# Drilling 4 holes, orthogonal and equidistant from the center



## dansawyer (Apr 25, 2020)

I am making several parts that are all components of a project. (I will post pictures when it is complete). 
The current problem is I need to drill 4 holes in an aluminum disc which is about 4 inches in diameter. The holes need to be at 90 degrees from each other, in a circle 2 1/2 inches in diameter, and equidistant from the center. The disc has a 1 inch bored hole in the center. 
What is the best way to do this? 
I have a SB 9 lathe and an RF 30 mill. 
Thank you in advance and for your previous help, the project is progressing nicely. 
Dan


----------



## Asm109 (Apr 25, 2020)

Mount disc,  put test indicator in spindle and center the central bore under the spindle. Zero DRO and dial +X Drill, -X Drill, 0, +Y drill, -Y Drill.
No DRO? Note which direction you have taken out the backlash on the leadscrews, 0 dials.  repeat motions above, allways coming to your dimension from the direction with the backlash taken out. 
QED
Drill hole under size and finish to size with a boring bar will make your hole round, square and on size better than just drilling the hole.


----------



## Mitch Alsup (Apr 26, 2020)

Do you have a rotary table?


----------



## Winegrower (Apr 26, 2020)

dansawyer, without your specific knowledge of what you are trying to achieve, this question cannot be answered  meaningfully without understanding the tolerances involved.   At one level, get a tape measure, a pencil, some lined paper, lay it out and punch the marks through.   At another level, you need a laser interferometer.   Possibly there are a few levels in between.
I imagine providing more information will get you some good ideas.


----------



## Tozguy (Apr 26, 2020)

What I would do with what I have:

Measure out from the bore to mark the bolt circle. 
Mount the disc in a four jaw on a lathe and zero the bore and using shims to set the disc out from the chuck face
Turn power off to the lathe.
Install a drill in the tool post with a stylus in the chuck.
Set the stylus tip on center and then align the stylus tip to the bolt circle mark.
Replace the stylus with a drill. 
Use a torpedo level (or other small level) on the front jaw to create an index.
Put the lathe in lowest gear.
Drill the first hole then repeat for each of the other three jaws.


----------



## tjb (Apr 26, 2020)

Mr. Pete's approach:


----------



## MontanaLon (Apr 26, 2020)

Put disk in vise on mill. Edge find the jaws to find the center on x axis. Edge find the edges of the disk to find center on y axis.  No need to find the center that isn't there, if you know the disk is on size then you can just move in from found edges on axis and drill your holes. It should be accurate and repeatable.


----------



## BGHansen (Apr 26, 2020)

I'd knock in the 1" bored hole on your South Bend.  Then move to the mill.  Sweep in the hole so you are one center and zero out your hand wheels.  Then move just in the X or Y 1.25" to get to your 2.5"; you'll be moving to 12, 3, 6 and 9 o'clock.  I'm assuming you don't have a DRO, so you'll need to take note of the direction you were turning each hand wheel when you dialed in to center on the mill.

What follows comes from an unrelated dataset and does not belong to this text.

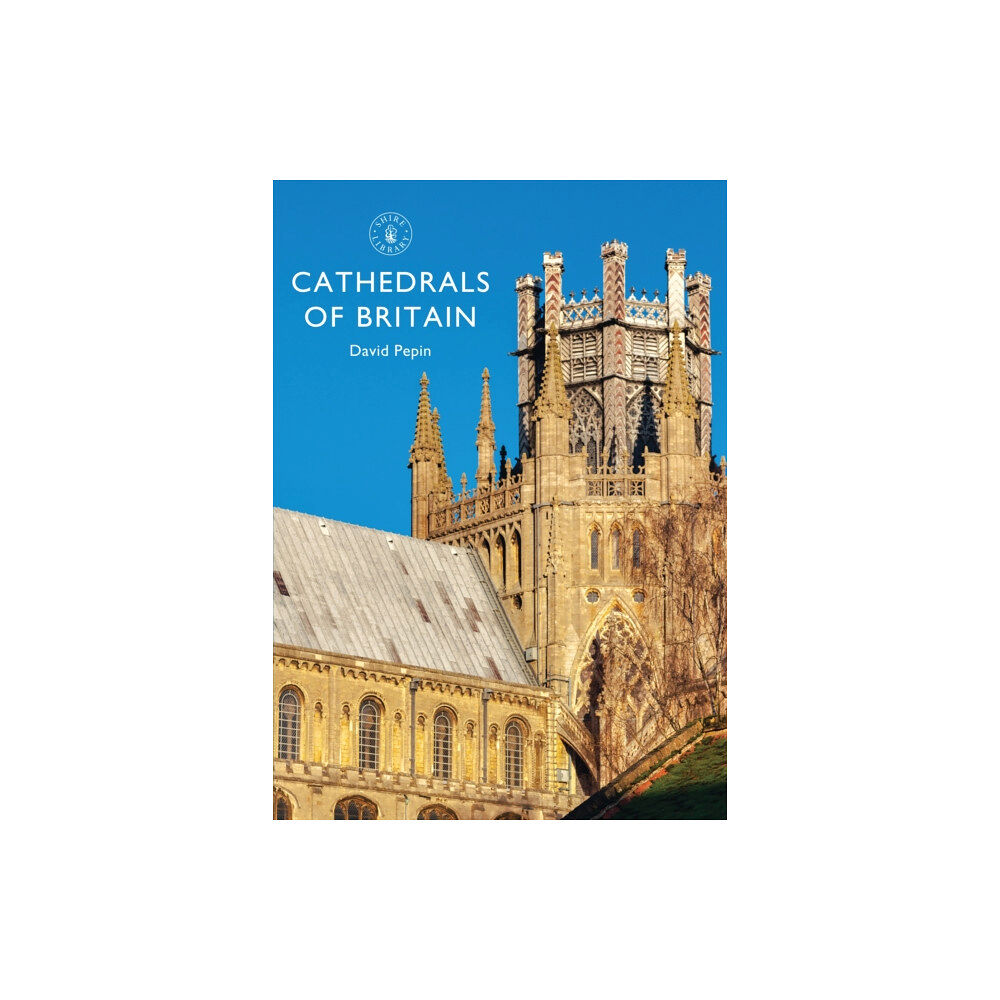 Bloomsbury Publishing PLC Cathedrals of Britain (häftad, eng)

If you are making a lot of them, I'd make a fixture for the mill to set the disks in place.  Could be a simple 1/4" or 1/2" thick plate of aluminum or steel.

First, locate your mill into the LH side of the fixed jaw for X and the face of the jaw for Y.  Then move to the right by 1.5" and down in the Y 1.5" (not critical, needs to be bigger than your 1.25" radius plus the radius of the 4 holes).  Set the plate on your mill vise on parallels or a block of wood to space it up (wouldn't want to drill into your vise).  Use a 1-2-3 block or suitable edge to flush the LH edge of the plate with the LH vise jaw and tighten it in place.  Then spot drill a hole, and drill a tap hole for a 1" shoulder bolt (pic of one below) and tap the hole.  You can stack your disks up on the shoulder bolt and tighten it down to your fixture place.  

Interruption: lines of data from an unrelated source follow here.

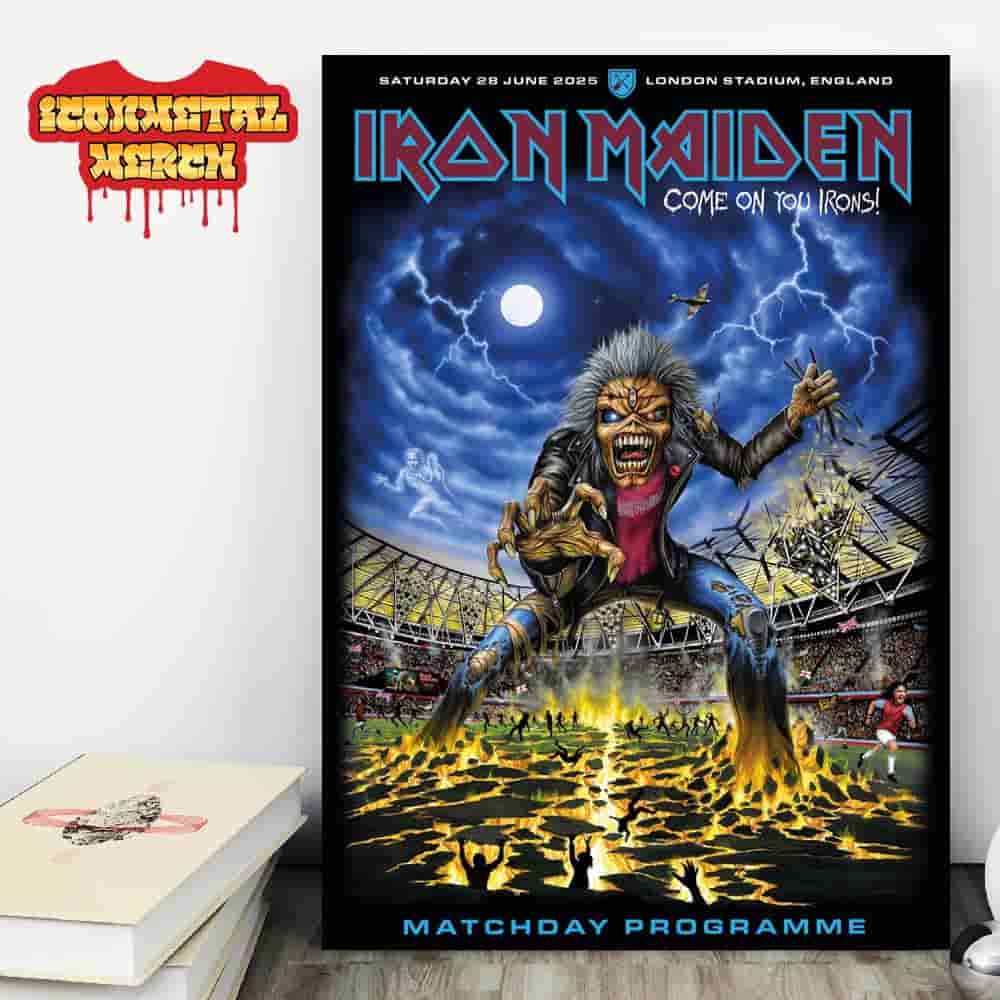 Iron Maiden Come On You Irons Poster Official Matchday Programme At London Stadium England On Saturday 28th June 2025 Wall Decor Poster Canvas Iron Maiden Come On You Irons Poster Official Matchday Programme At London Stadium England On Saturday 28th June 2025 Wall Decor Poster Canvas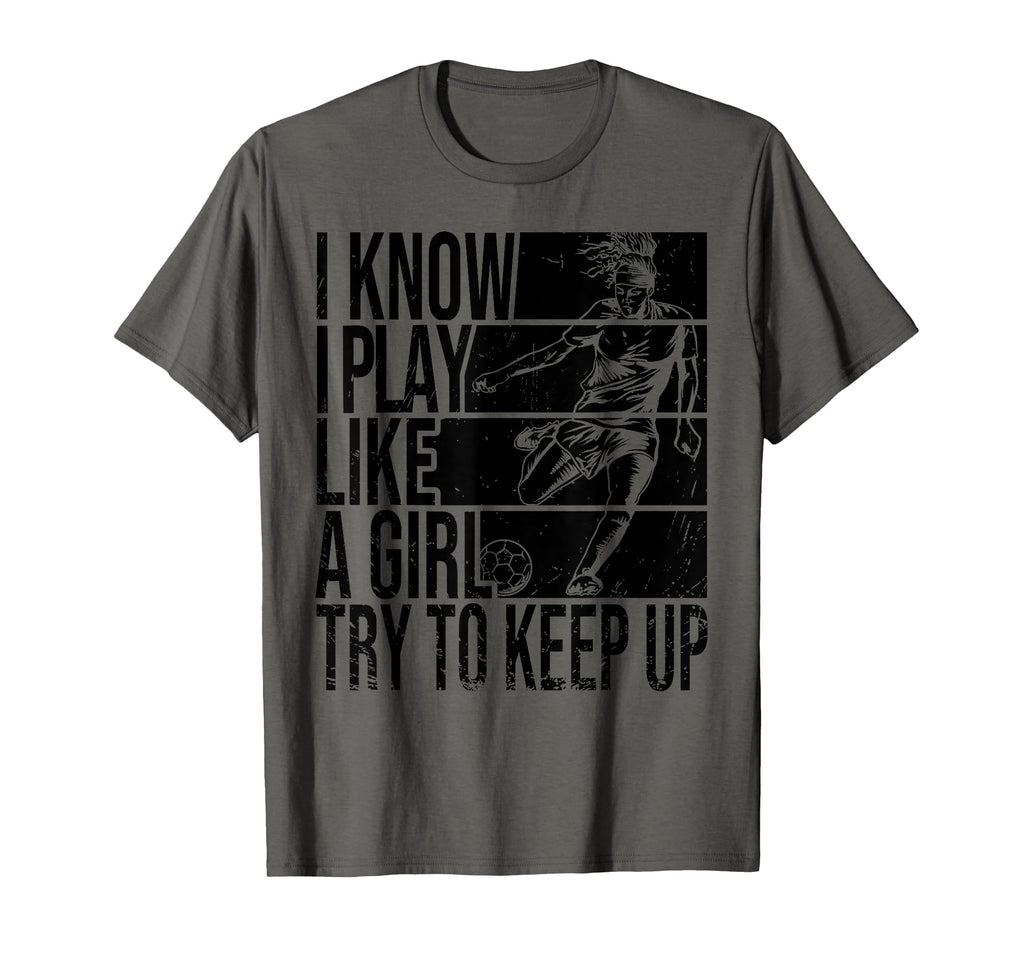 I Know I Play Like Try To Keep Up T-Shirt - Novelty Apparel Men Women
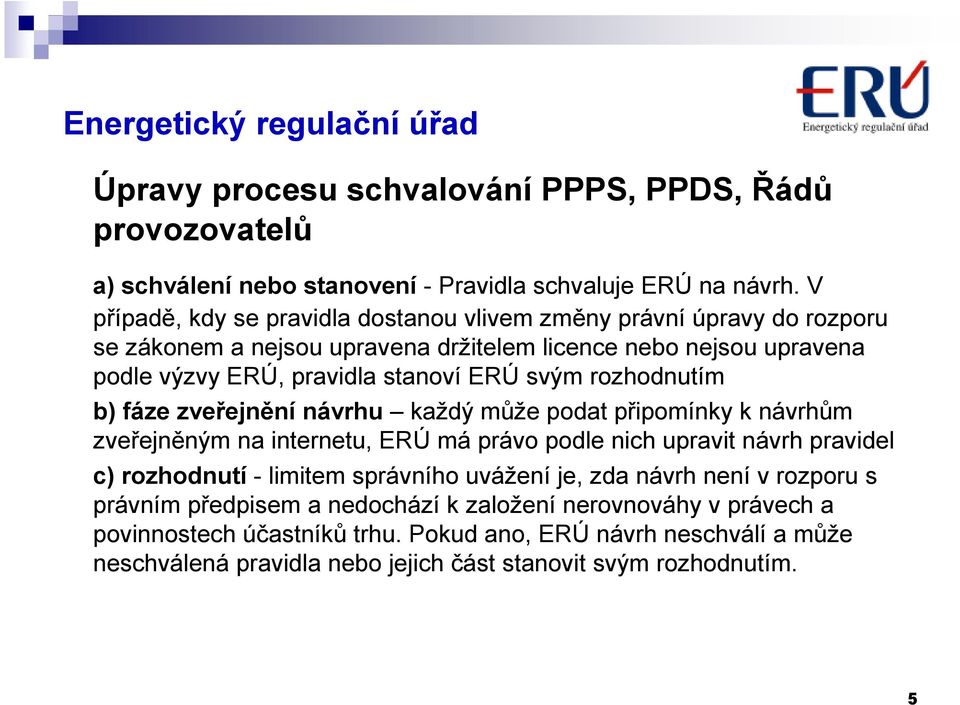 svým rozhodnutím b) fáze zveřejnění návrhu každý může podat připomínky k návrhům zveřejněným na internetu, ERÚ má právo podle nich upravit návrh pravidel c) rozhodnutí - limitem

For the four holes, move in just the X or Y by 1.25" (you'll be moving to 12, 3, 6 and 9 o'clock), then spot and drill the holes.  Depending on the hole sizes, you could probably skip the spotting step if you have stubby (machine screw) drill bits.




You could also make a custom "shoulder bolt" on your lathe if the 3/4"-10 thread is a challenge.  A 1/2"-13 or 3/8"-16 might work fine too.  If you go this route, I'd chuck up a round bigger than 1" diameter and turn a shoulder to 1".  Also turn the end to either the 1/2" or 3/8" diameter and thread.  Naturally, you'll need to do the fixture plate described above with the same thread.  I'd cut a couple of flats on the large diameter of the custom shoulder bolt so you can put a wrench on it to tighten the aluminum disks down.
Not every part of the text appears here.